Strategy 1: The Standard [type, id]
This is the Rails default. It treats the type as a namespace.
The Pros
- Broad Utility: Supports both the full lookup (Type + ID) and “Type-only” queries (e.g., finding all activities for all Athletes).
- Data Locality: All records for a specific model are stored physically near each other in the index leaf nodes.
- Left-Prefix Rule: You don’t need a separate index for the
relation_type.
The Cons
- String Comparison: Comparing long class names (strings) is technically slower than comparing integers, though MySQL’s prefix compression makes this difference negligible for most.
Strategy 2: The “High-Selectivity” [id, type]

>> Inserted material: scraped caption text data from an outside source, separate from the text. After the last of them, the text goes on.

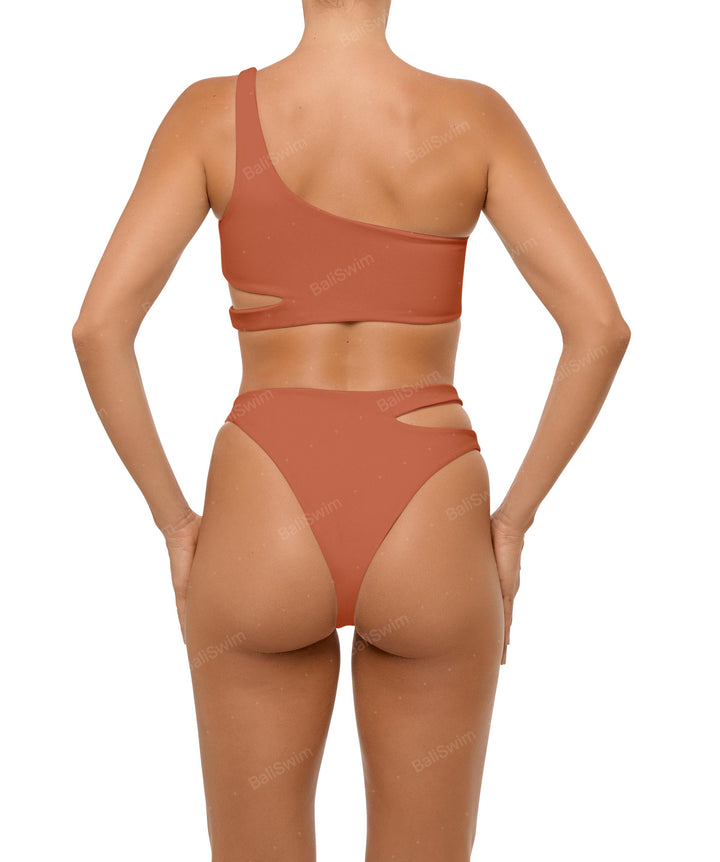 BSWS-T110 Asymmetric Cutout Bikini Top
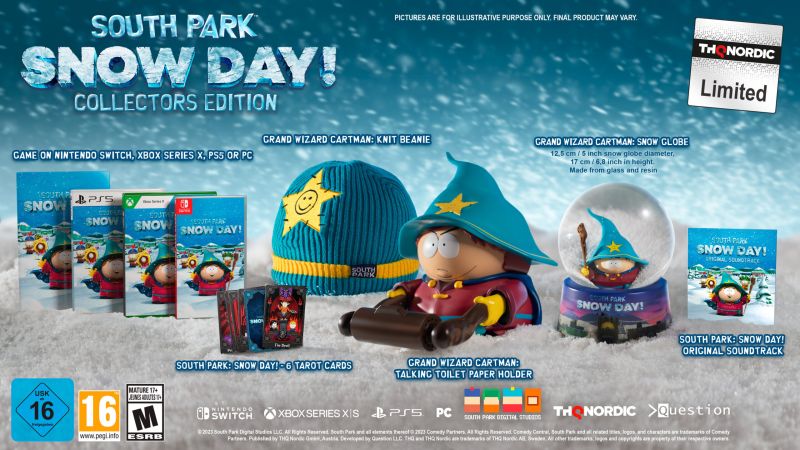 South Park: Snow Day! Collector’s Edition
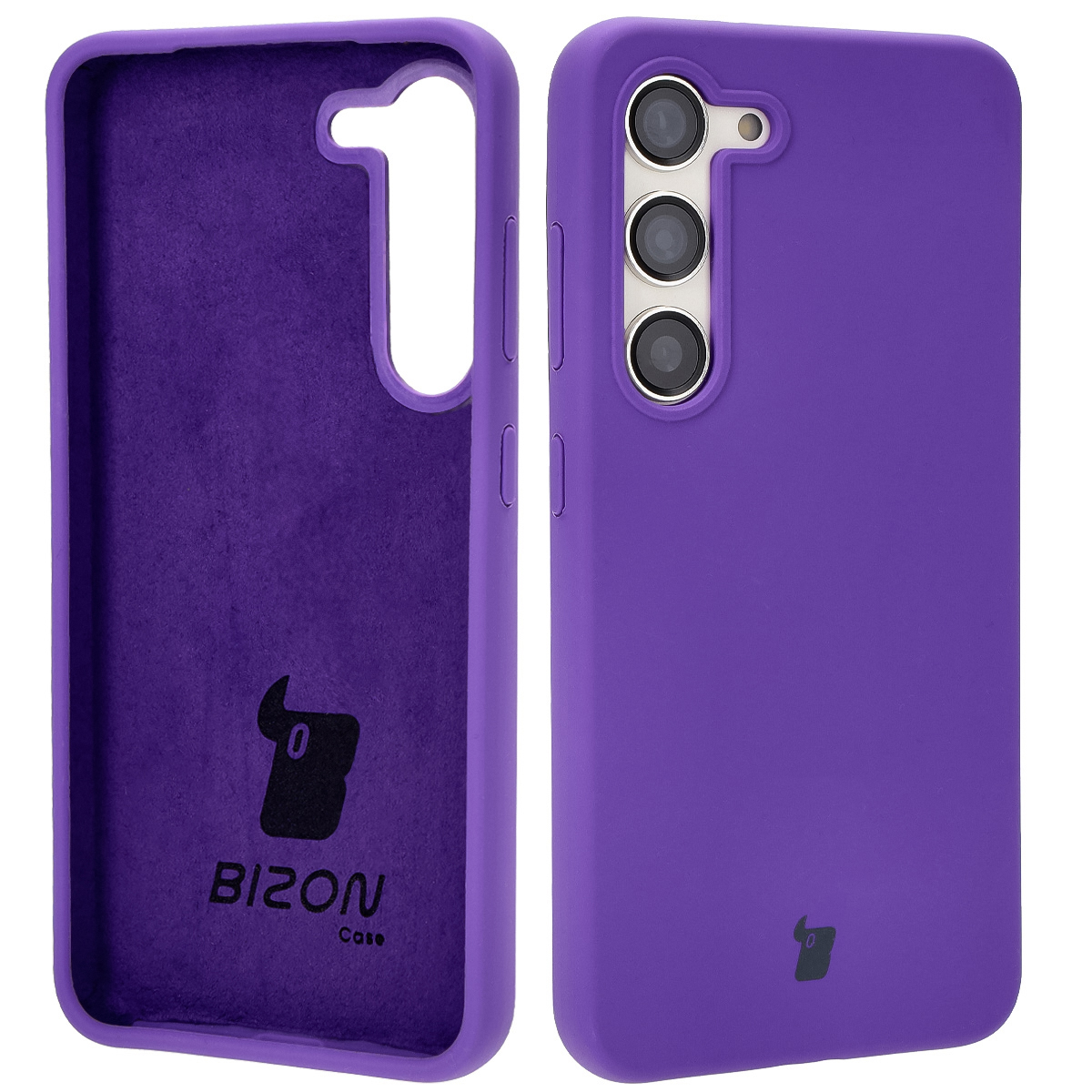 Silikonowe etui Bizon Soft Case do Samsung Galaxy S23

You might choose this if your IDs are diverse (e.g., Athlete IDs are in the millions, while classroom IDs are in the hundreds).
The Pros
- Fast Narrowing: Since the ID is highly selective (unique or nearly unique), the database narrows the search space to a few rows almost instantly.
- Numerical Speed: Jumping through a tree of integers is the “happy path” for CPU registers.
The Cons
- Narrow Utility: This index is useless if you ever need to find all activities for a specific Type without an ID.
- Fragmentation: Because IDs are added chronologically across different types, the data for a single “Type” will be scattered across the index.
Strategy 3: The “Covering Index” (The Real Secret Sauce)
Regardless of the order, the biggest performance win comes from the fact that both columns are in the index. This creates a Covering Index.
When both columns are in the index, MySQL never has to look at the “Table Data” (disk) to confirm the query. It finds the answer entirely within the index RAM.
Which one should you pick?
| Requirement | Pick [type, id] | Pick [id, type] |
|---|---|---|
| Standard Rails App | ✅ (Best all-rounder) | ❌ |
| Highly Skewed Data | ❌ (If one type has 99% of rows) | ✅ |
| UUIDs as IDs | ✅ (Consistency) | ✅ (Slightly faster jump) |
| Reporting/Analytics | ✅ (Filter by type easily) | ❌ |
The Developer’s Decision Matrix
1. The “Almost Unique” Scenario
If your student_id is 9 digits and classroom_id is 4, they rarely overlap. In this case, [id, type] will find the record in slightly fewer CPU cycles. However, you lose the ability to query by Type alone.
2. The Rails Way
Rails often performs “Dependent Destroys” or “Eager Loading” based on the Type. If you use [id, type], these internal Rails operations may trigger Full Table Scans because they lack a type prefix.
Final Verdict
For 95% of applications, **stick to the Rails default: [:relation_type, :relation_id]**.
The “speed” gained by putting the ID first is measured in microseconds, but the “utility” lost is measured in potential production bottlenecks when you try to run a query without an ID.
Pro-Tip: If you have massive scale and truly need both, don’t create two composite indexes. Create one composite [type, id] and one single-column index on [id]. This gives you the best of both worlds with minimal overhead.